Yakın tarihimize kadar ilçemizin siluetlerinden, kartpostal güzelliğindeki tarihi ahşap bir evlerin hikâyesini anlatsak da bugün bir elin 5 parmağını geçmez durumda tarihi yapı kalmıştır. Çünkü maya çalmaya değmeyecek. Ne zaman tarihi bir evin hikâyesini merak ettiysem hem o evi hem de o evlerin içerisinde yaşayanların kalmadığını öğrendiğimde içimden bir aaah sesi gelirdi. Mesela! Osmanlı paşalarından Mahmut Esat Efendi, Türkiye başbakanlarından Sadi Irmak gibi birçok düşünür, akademisyen, bilim adamı yazar çizer gibi insanlarımız yaşadıkları evleriyle, sokaklarıyla her nesneleriyle kaybolup gitmişlerdir. Torunlarının torunları bugün ne Seydişehir’i bilir, nede şehir insanları onları bilir. Bir dönemlerin şehir ruhu silinmiş gitmiştir. Yakın geçmişte Köseleciye ait bir ev vardı yıkıldı onun resimlerini de bir hayli çekmiştim. O ev aslına uygun olarak yapıldı hama kurtuluş savaşı gazisi o insanı maalesef onurlandırılmadı. Her önünden geçişte kulak versek kim bilir kulağımıza neler fısıldar. Şehrimizin doğal ve tarihi güzelliği olan yerler de içler acısıdır. Mesela Ilıca tepesi şehrin akciğeridir. Ama bugün betonlaşmış çevresi ise güneş enerji sistemleriyle örülmüş durumda. Kuğulu ise her ne kadar bakımlı olsa da halka ait olan o mesire alan son yıllarda paralı hale getirilerek sanki ranta dönüşmüş. Vatandaşlar da oradan gittikçe soğumaktadırlar. Çarşı merkezinde eski tarihi evler bir bir beton binalara yenik düşmüşlerdir.
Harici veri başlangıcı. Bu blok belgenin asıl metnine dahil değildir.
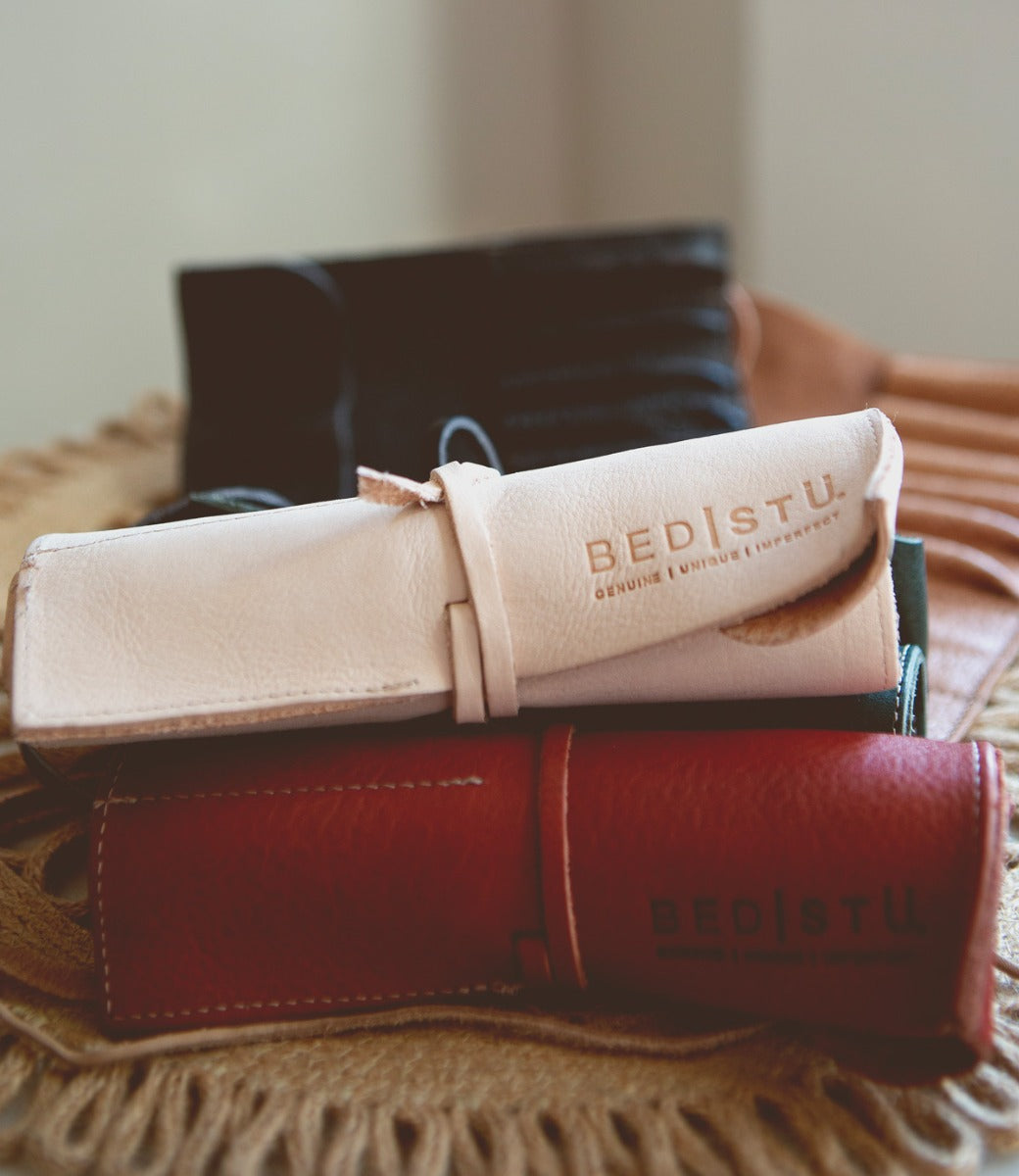Close-up of rolled-up Prepped Leather Wrap in various colors, including white, black, and red, embossed with the brand name "Bed Stu." These artist tools are arranged on a textured fabric surface, showcasing their craftsmanship from the Leather Shoppe.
Bu güzel evleri, insanlarını, doğal manzaralarımızı gördüğüm her güzelliğin, değer verdiğim her şeyin fotoğrafını çekmeye çalıştım. Bugün ise görüp çekebileceğim fazla bir şey yoktur. Geçmiş mazide kaldı. Avucumuzdakilere sahip olmaya çalışalım!